Have I told you the story about the man who came to church just once a year? But not on Christmas or Easter — this man showed up faithfully every, but only on, Trinity Sunday. And the priest finally couldn’t stand it any longer, and asked him, “Why Trinity Sunday?” And he replied, “Because I enjoy listening to you get all tangled up trying to explain the Doctrine of the Holy Trinity!”
Well, I’m not going to try to explain the Doctrine of the Holy Trinity. At least not this year. (Maybe next year!)
I am, however, going to wander around in the general vicinity of the Doctrine of the Holy Trinity, and perhaps we will find a little enlightenment and a little inspiration. For one thing, I do want to dispel the notion that the Trinity is a concept that a bunch of crotchety old bishops thought up in the fourth century.
Digression: (Well, you knew I was going to digress sooner or later, so we may as well get it over with.) Part of the detritus from the recent fuss over The Da Vinci Code and the publication of the Coptic text of the Gospel of Judas has been the idea that what we have come to know as Christianity, including such things as the doctrine of the Trinity, the divinity of Jesus, and the canon of the New Testament, only emerged three hundred years after the ministry of Jesus. This is simply not so. Although it is true that early Christianity was a good bit more diverse than we may like to remember, and sometimes a good bit more bizarre, especially on the fringes, there really was a mainstream pretty much right from the beginning, even though it wasn’t completely homogeneous and not yet too precisely defined. But you see, we Anglicans, having rejected an infallible Pope and for the most part an infallible Bible (at least in the sense of a literally inerrant text), put all our chips on an infallible Early Church. This also turns out to be a bad bet. (If you’re looking for infallible authority, you’re in the wrong quadrant of the galaxy.) We believe and trust in God’s promise that God will see us through to the goal of our journey in the fulfillment of God’s Reign, but that doesn’t mean that we won’t wander off the road from time to time, and at any given moment we may well be in the ditch, and throughout our history our boots have always been a bit muddy. Being in denial about this is one of the reasons why the Church in the current generation is in such an uproar.
But…I…digress.
Although the word “Trinity” does not appear in the New Testament (the Latin trinitas is first used by Tertullian at the end of the second century — but bear in mind that Tertullian was the first Christian theologian to write in Latin), all of the raw data are there, in the experience of Christians as God’s people, saved by Jesus Christ, filled with the Holy Spirit. The development of the doctrine of the Trinity was simply (well, not simply, I guess!) the articulation, over the next four hundred years, of this fundamental experience as a systematic construct. The doctrine of the Trinity is a transcendental argument; that is, it is something to which we do not have direct access, but it represents the necessary conditions of the possibility of the truth of our experience and hope of salvation in Christ. If the doctrine of the Trinity is not true, then our whole Christian self-understanding falls apart. (One can, of course, believe that the Christian understanding of what God has done and pomised in Jesus of Nazareth is all a delusion, and then obviously the doctrine of the Trinity makes no difference. But those are the options.)

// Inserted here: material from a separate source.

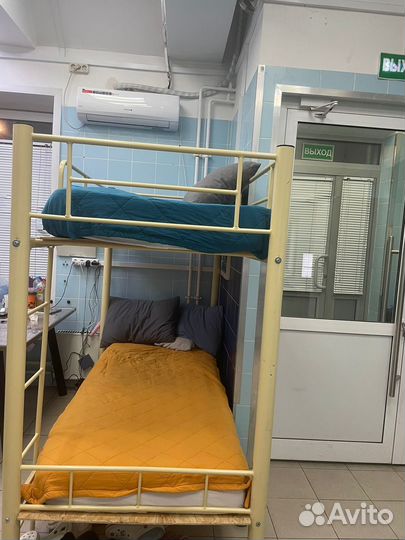 Двухярусная кровать бу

One of the pieces of New Testament raw data that goes into the doctrine of the Trinity is found in the Gospel today, in a verse well-known and rightly well-loved: “For God so loved the world that he gave his only Son, so that everyone who believes in him may not perish but may have eternal life.” The words “so loved the world” could take a lifetime of sermons to unpack, but today I suggest we think about the phrase, “gave his only Son.” What can it mean for God to “give his only Son” to reconcile us and bring us to eternal life? And what do we understand by God’s “only Son”? What may come to mind, and I think has come to the minds of some people, is a picture of a human father and his son, and dad says, “Son, I love those folks so much I’d like you to go die on the cross for them.” And some may say, “What a dad!” And others, more troubled, may say, “What kind of a dad…???” I hope we see that this is an indication that we don’t quite have this right yet. So maybe we need to go back again to what we are saying when we say that God “gave his only Son,” exactly what “Son” means in this context, and what this “Son’s” relationship is to God.
There’s a lot that could be said, and maybe should be said, about how we use the word “Son” of Jesus in relation to God, but there’s another service at 11:00 and we need to be out of here. But I think I’ve said before something I think is very important — it’s not my idea, I got it from John Austin Baker, Bishop of Salisbury, in a book I no longer have — given what it takes to keep us from perishing but bring us to eternal life, given that cost. God did not send somebody else instead.
And that’s a first step down the road that leads us in our understanding of God, and of God in Christ, to the doctrine of the Holy Trinity.